La première partie de mon volet thématique est consacrée au modèle économique des résidences de tourisme, mis à mal par la pandémie. Ces résidences ont été construites en masse dans les années 1970, notamment en montagne et sur le littoral, pour répondre à la forte demande d'hébergement touristique. Les logements sont détenus à 85 % par des particuliers propriétaires, et constituent pour eux un investissement considéré jusqu'à présent comme sûr. Ces logements doivent obligatoirement être mis en location pendant une certaine période et le loyer est versé aux propriétaires par le gestionnaire de la résidence. Malheureusement, la crise de la covid-19 a entraîné des fermetures administratives des résidences. Faute de clientèle, les gestionnaires se sont retrouvés en grande difficulté financière et dans l'impossibilité de verser des loyers aux propriétaires bailleurs, ces derniers se voyant eux-mêmes privés d'une source de revenus parfois vitale à leur équilibre financier. Face aux tensions qui résultent de la situation, le ministère de l'économie, des finances et de la relance tente de faciliter le dialogue entre les parties. Des compromis ont parfois été trouvés mais le problème est loin d'être résolu.

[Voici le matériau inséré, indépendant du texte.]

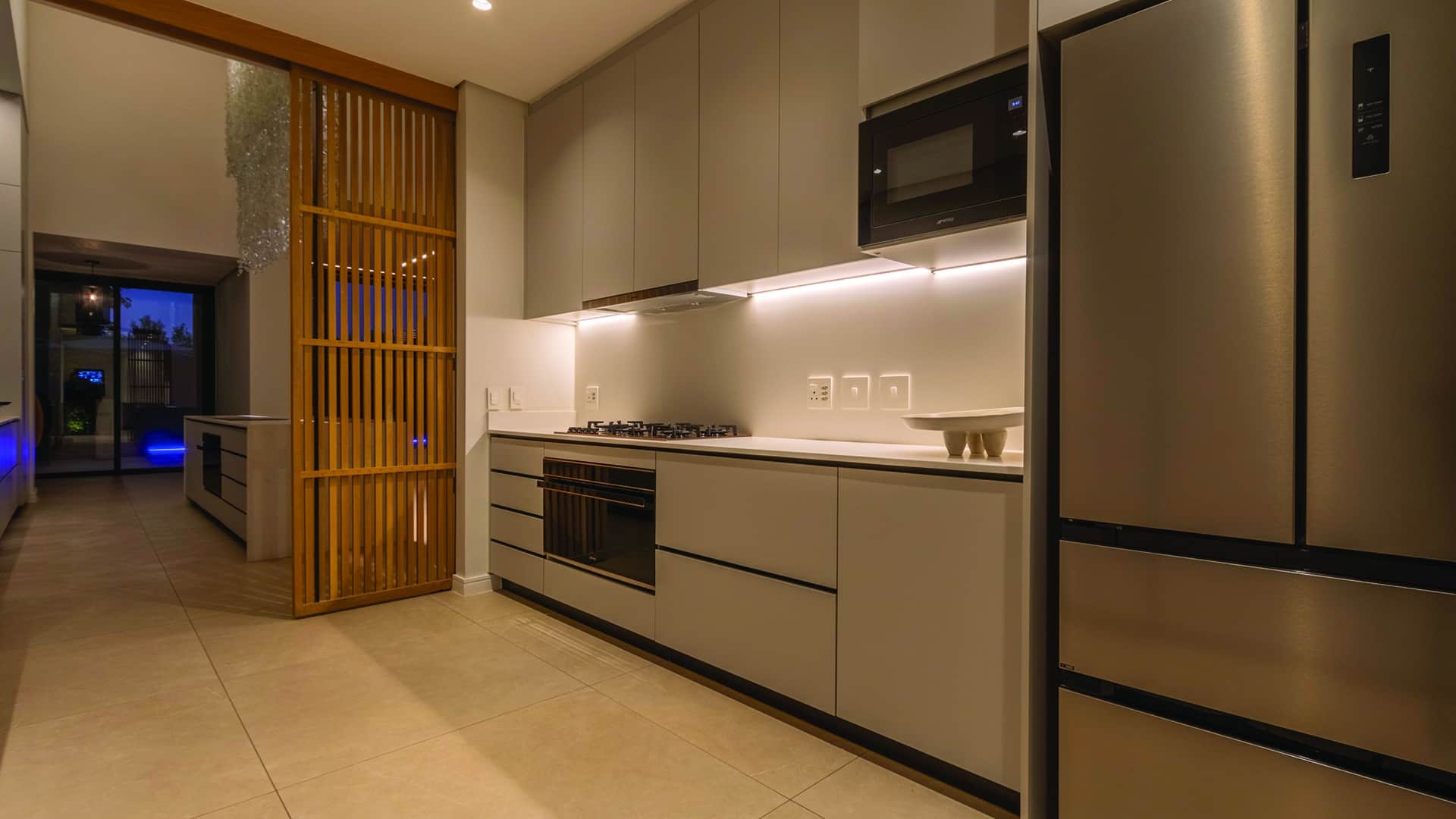 http://49B%20First%20Road%20Chefs%20Kitchen%20Wood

Un point fait cependant l'unanimité : l'information sur ce type d'investissement et les risques associés fait réellement défaut. Un projet de réforme serait à l'étude pour améliorer l'information précontractuelle en la matière. J'espère qu'il pourra voir le jour, car les résidences de tourisme ont des atouts à faire valoir. Les gestionnaires ont fait des efforts d'adaptation pendant la crise, en sortant du modèle traditionnel de location à la semaine ou en dématérialisant au maximum les procédures ; il faut les poursuivre. En outre, un chantier de réhabilitation des résidences de tourisme est en cours, qu'il ne faut pas négliger. Une expérimentation intéressante conduite par Atout France devrait apporter des réponses structurelles.

La seconde partie thématique de cet avis aborde la question du tourisme patrimonial. Sur tout son territoire, la France est forte d'un riche patrimoine dont toutes les composantes, et pas uniquement les grands lieux emblématiques, doivent pouvoir être mises en valeur. Du fait de la crise sanitaire, l'offre s'est réorientée vers une clientèle nationale, qui elle-même a modifié ses attentes. Les lieux moins connus et moins fréquentés sont davantage valorisés. Les acteurs de l'offre touristique patrimoniale sont incités à coopérer davantage. C'est un effet positif de la crise, qui peut donner l'occasion à des structures plus petites ou présentant une certaine originalité de se distinguer.

J'en veux pour exemple la chartreuse de Neuville, dans le Pas-de-Calais. Cet ancien monastère chartreux a connu diverses fonctions successives, toujours tournées vers l'hospitalité. Après une période d'abandon, elle a été reprise par une association dans les années 2010. Des travaux d'ampleur sont en cours pour restaurer les lieux selon un projet qui conserve la notion d'hospitalité, inséparable du lieu. Le modèle de financement, innovant, se fonde sur une multitude d'activités, certaines lucratives, d'autres, non. Après le chantier de restauration, on y trouvera une résidence hôtelière, des activités touristiques classiques, des incubateurs, des projets d'insertion par le travail ainsi que des résidences d'artistes et de chercheurs. La diversité des usages répond à la demande du public, et fait du patrimoine un lieu vivant, tout en assurant la restauration du site.

De telles initiatives doivent être soutenues et rendues visibles, afin que d'autres s'en inspirent. Les soutiens associés doivent être mis en avant. Les multiples labels touristiques et les solutions de financement proposées par la Banque publique d'investissement (BPIFrance) et la Banque des territoires, souvent mal connus et pas toujours très clairs, doivent être rationalisés. Je suis convaincu que davantage de communication et de transversalité des démarches participent d'une politique touristique réussie, tout comme l'ouverture des acteurs publics à de nouveaux modèles économiques.